同じ「男性ホルモン」といっても、ヒゲ部分で培養した場合と、男性型脱毛症を起こしている部分で培養した場合では、その結果が違います。ヒゲに男性ホルモンが作用すると、毛は濃くたくましくなります。

一方、頭皮で男性型脱毛症を起こしている部分では、毛は弱々しくなるのです。そのため、男性ホルモンが働くと「髪の毛は薄くなるものの、ヒゲは濃くなる」という状態になりうるのです。

男性型脱毛症(AGA)の進行具合と特徴

男性型脱毛症の場合、進行度が「ハミルトン・ノーウッド分類」というもので分類化されています。この分類では以下のようになっています。

・Ⅰ型:まったく問題のない
・Ⅱ型:前頭部が少し後退し始めていて、脱毛が増える
・Ⅲ型:さらに脱毛が進み、はっきりと前髪の後退がわかり、場合によっては地肌も露出し始める
・Ⅳ型:頭頂部にいたるまで薄毛が進み、ほかの場所もボリュームダウンしてきた
・Ⅴ型:前頭部と額がつながってしまうまで進んだ
・Ⅵ型:薄毛や地肌の露出が、前頭部だけにとどまらず、横にも進んだ
・Ⅶ型:全体的に地肌の露出がみられ、髪の毛の分量が極端に少なくなった

当然のことながら、Ⅶ型がもっとも進行が進んだ状態です。こうした分類によって、男性型脱毛症の状態を見極めます。

男性型脱毛症(AGA)の問題点は何か

男性型脱毛症の特徴として、「進行型である」ということがあげられます。つまり、男性型脱毛症の場合、放っておくと徐々に薄毛が進んでいきます。Ⅱ型の場合であっても、放っておけばⅢ型に進み、Ⅲ型はⅣ型に……と少しずつ進行します。

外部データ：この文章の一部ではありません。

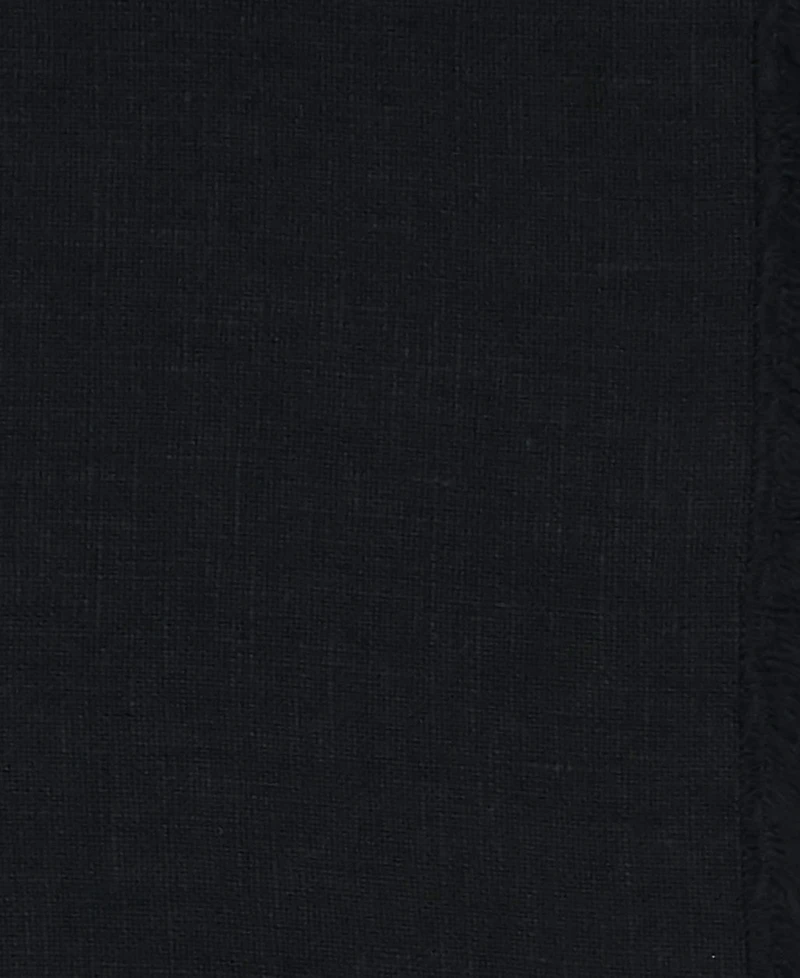 Saro Lifestyle Fringe Table Napkins, Set of 4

これが、それ以外の脱毛症との大きな違いです。ストレス性の薄毛であれば、ストレスが治まると自然にきれいに治ることがよくあります。しかし、男性型脱毛症の場合は症状が進んでいってしまうのです。つまり、何かしらの対応策を講じる必要が出てきます。

男性型脱毛症(AGA)を進行させないための対策

男性型脱毛症の進行を防止するための方法として、「ミノキシジル」という名称の薬、もしくは「フィナステリド」という名前の薬を使うことが選択肢として挙げられます。後者は塗るタイプ、前者は飲むタイプです。それ以外のものを配合している育毛剤も多くあり、これらを活用するのも有効です。

ミノキシジルが入った育毛剤は、一般のドラッグストアなどでも販売されています。女性でも活用できる薬がミノキシジルです。

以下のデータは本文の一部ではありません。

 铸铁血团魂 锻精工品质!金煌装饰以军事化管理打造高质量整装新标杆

一方、「飲む薬」であるフィナステリドは女性に使えません。女性が服用しても効果がないだけでなく、副作用だけに悩まされるようになります。

そして、育毛剤やシャンプーの見直しを行い、日々の手入れを実践します。日々の生活習慣を改めることも重要です。こうした小さな積み重ねが結果として、男性型脱毛症の進行抑制につながります。